NCT number NCT04410328
Other study ID # Pro2020001469
Secondary ID
Status Completed
Phase Phase 3
First received
Last updated
Start date October 21, 2020
Est. completion date October 15, 2021

Study information

Verified date January 2022
Source Rutgers, The State University of New Jersey
Contact n/a
Is FDA regulated No
Health authority
Study type Interventional

Clinical Trial Summary

The purpose of this study is to explore the efficacy of Aggrenox in patients with SARS-CoV-2 infection with symptoms consistent with COVID-19. An anticipated total of 132 participants will be randomly divided almost equally into 2 groups: one group will receive Dipyridamole ER 200mg/ Aspirin 25mg orally/enterally along with the standard of care and the other group with receive the standard of care only but no Dipyridamole ER 200mg/ Aspirin 25mg. Participants will be screened, enrolled, receive treatment, and followed for 28 days.
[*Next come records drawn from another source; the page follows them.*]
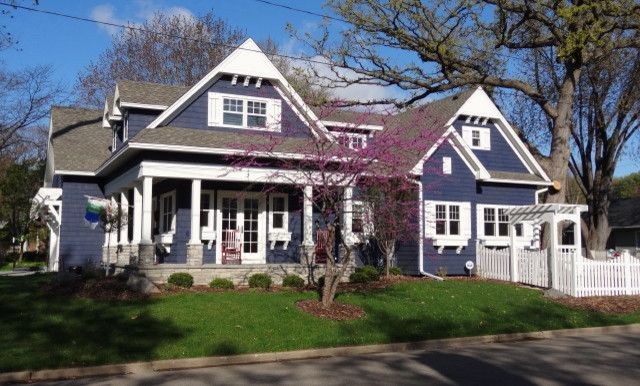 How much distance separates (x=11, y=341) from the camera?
36.6 ft

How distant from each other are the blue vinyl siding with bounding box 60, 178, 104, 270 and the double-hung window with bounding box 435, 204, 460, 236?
12858 millimetres

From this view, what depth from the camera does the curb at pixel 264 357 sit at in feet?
31.6

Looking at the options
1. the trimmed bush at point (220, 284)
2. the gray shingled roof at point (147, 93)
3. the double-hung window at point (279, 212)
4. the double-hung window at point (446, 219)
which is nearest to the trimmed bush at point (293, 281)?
the trimmed bush at point (220, 284)

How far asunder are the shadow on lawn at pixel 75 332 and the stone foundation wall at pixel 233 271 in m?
2.90

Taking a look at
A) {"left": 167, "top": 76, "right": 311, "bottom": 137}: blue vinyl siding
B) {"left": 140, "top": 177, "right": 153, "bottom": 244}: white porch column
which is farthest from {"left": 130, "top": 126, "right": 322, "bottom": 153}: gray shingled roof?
{"left": 140, "top": 177, "right": 153, "bottom": 244}: white porch column

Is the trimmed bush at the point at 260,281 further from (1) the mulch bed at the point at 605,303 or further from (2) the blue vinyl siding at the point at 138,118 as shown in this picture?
(1) the mulch bed at the point at 605,303

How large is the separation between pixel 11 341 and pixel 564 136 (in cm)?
1930

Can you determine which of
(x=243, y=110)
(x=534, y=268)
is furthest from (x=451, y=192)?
(x=243, y=110)

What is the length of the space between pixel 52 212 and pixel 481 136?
17.8 metres

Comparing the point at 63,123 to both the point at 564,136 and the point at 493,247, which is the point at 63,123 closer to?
the point at 493,247

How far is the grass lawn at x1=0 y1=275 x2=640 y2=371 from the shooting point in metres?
10.9

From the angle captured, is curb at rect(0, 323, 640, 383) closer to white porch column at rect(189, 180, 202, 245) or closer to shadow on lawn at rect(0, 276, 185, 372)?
shadow on lawn at rect(0, 276, 185, 372)

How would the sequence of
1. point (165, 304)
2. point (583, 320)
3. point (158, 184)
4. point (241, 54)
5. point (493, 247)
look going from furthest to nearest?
point (493, 247) < point (158, 184) < point (241, 54) < point (583, 320) < point (165, 304)

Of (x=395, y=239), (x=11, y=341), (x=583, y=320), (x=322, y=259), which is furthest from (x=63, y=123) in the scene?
(x=583, y=320) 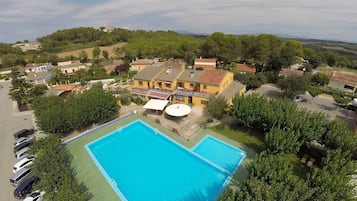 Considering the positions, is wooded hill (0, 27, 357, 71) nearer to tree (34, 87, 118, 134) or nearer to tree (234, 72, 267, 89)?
tree (234, 72, 267, 89)

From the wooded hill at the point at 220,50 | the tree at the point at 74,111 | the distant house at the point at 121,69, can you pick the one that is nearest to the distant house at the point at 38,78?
the distant house at the point at 121,69

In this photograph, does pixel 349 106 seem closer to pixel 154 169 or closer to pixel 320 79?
pixel 320 79

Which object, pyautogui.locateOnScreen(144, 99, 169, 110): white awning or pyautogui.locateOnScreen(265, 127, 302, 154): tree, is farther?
pyautogui.locateOnScreen(144, 99, 169, 110): white awning

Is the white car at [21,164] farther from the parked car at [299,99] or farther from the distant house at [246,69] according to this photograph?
the distant house at [246,69]

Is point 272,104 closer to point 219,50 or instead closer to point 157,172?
point 157,172

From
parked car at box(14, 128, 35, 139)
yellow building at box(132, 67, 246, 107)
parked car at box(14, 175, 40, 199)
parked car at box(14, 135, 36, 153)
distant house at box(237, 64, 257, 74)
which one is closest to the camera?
parked car at box(14, 175, 40, 199)

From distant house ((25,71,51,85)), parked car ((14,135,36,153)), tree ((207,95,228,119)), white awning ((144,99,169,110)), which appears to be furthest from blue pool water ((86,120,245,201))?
distant house ((25,71,51,85))

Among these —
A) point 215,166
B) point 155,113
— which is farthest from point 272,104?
point 155,113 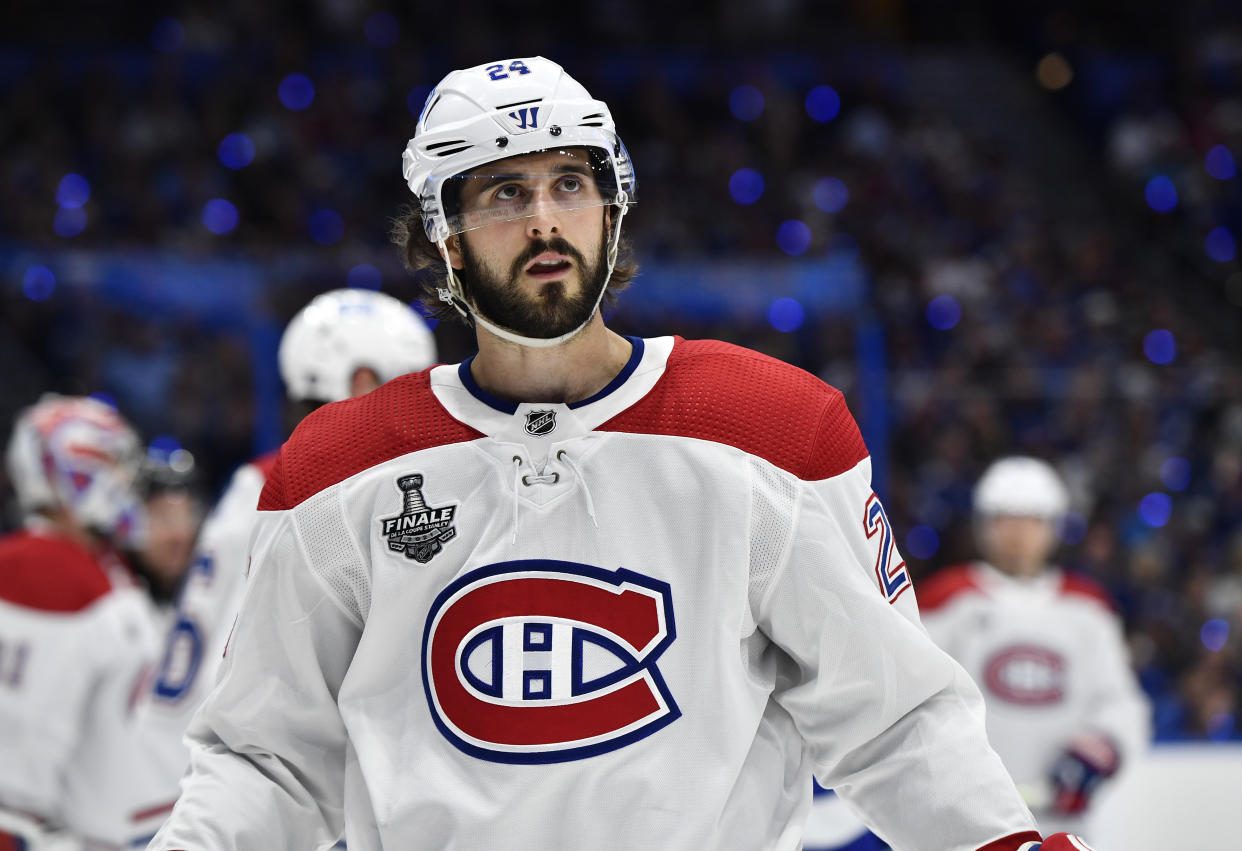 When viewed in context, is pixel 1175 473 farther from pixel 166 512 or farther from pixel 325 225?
pixel 325 225

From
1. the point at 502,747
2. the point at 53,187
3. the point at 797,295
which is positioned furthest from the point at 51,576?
the point at 53,187

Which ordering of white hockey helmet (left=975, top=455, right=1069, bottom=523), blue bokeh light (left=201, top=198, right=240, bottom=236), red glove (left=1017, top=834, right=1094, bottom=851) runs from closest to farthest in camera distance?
red glove (left=1017, top=834, right=1094, bottom=851) → white hockey helmet (left=975, top=455, right=1069, bottom=523) → blue bokeh light (left=201, top=198, right=240, bottom=236)

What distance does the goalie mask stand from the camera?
178 cm

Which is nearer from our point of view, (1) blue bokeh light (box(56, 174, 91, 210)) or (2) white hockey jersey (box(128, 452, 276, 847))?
(2) white hockey jersey (box(128, 452, 276, 847))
The clinical and laboratory outcomes of all the participants enrolled in the study will be evaluated at the end of the study to explore if there is any difference in the outcomes between 2 groups.


Description:

Purpose/Specific Aims: The purpose of this study is to explore the efficacy of Aggrenox in patients with SARS-CoV-2 infection with symptoms consistent with COVID-19. Among 132 SARS-CoV-2 patients (66 patients in each randomized arm), we will determine the efficacy of Aggrenox on clinical outcomes. Hypotheses / Research Question(s) Compared to standard care, the addition of Aggrenox (Dipyridamole ER 200mg/ Aspirin 25mg), to standard care will result in improvement in the composite COVID ordinal scale at day 15. Additionally, combined Aggrenox (Dipyridamole ER 200mg/ Aspirin 25mg orally/enterally), and standard care will reduce the need for ventilation, length of mechanical ventilation, hospital length of stay, ICU length of stay, decrease risk of thromboembolic complications and improve survival more than standard care alone in SARS-CoV-2 patients. Research Design and Methods Randomized design. Participants will be randomized 1:1 to Aggrenox or standard treatment. Arm 1: Active Comparator: (Aggrenox (Dipyridamole ER 200mg/ Aspirin 25mg orally/enterally). Participants will receive Aggrenox (Dipyridamole ER 200mg/ Aspirin 25mg orally/enterally), 2 times daily (FDA-recommended dose) starting on the day of enrollment for a total of 2 weeks + standard care. Arm 2: Standard care Comparator: Participants will receive standard care starting on the day of enrollment for a total of 2 weeks. The investigators will perform a randomized, 2-arm, open-label single-site pilot study to evaluate the effect of oral Aggrenox (Dipyridamole ER 200mg/ Aspirin 25mg orally/enterally), on clinical outcomes in patients with SARS-CoV-2. In this research proposal, investigators will randomly assign 132 consenting participants with diagnosis of SARS-CoV-2 to two treatment groups: 1) Aggrenox (Dipyridamole ER 200mg/ Aspirin 25mg orally/enterally) + standard care and 2) standard care alone. Participants will be screened, enrolled, receive treatment and followed for 28 days. The study aim and procedure will be explained to every eligible subject and informed consent will be obtained from interested subjects or authorized proxy to participate in the study. The investigators will collect demographic, clinical, laboratory and radiological data. The patients would be followed daily for 2 weeks after enrollment while the patient is in the hospital and once discharged, they will be called every 3rd day to follow up on the symptoms.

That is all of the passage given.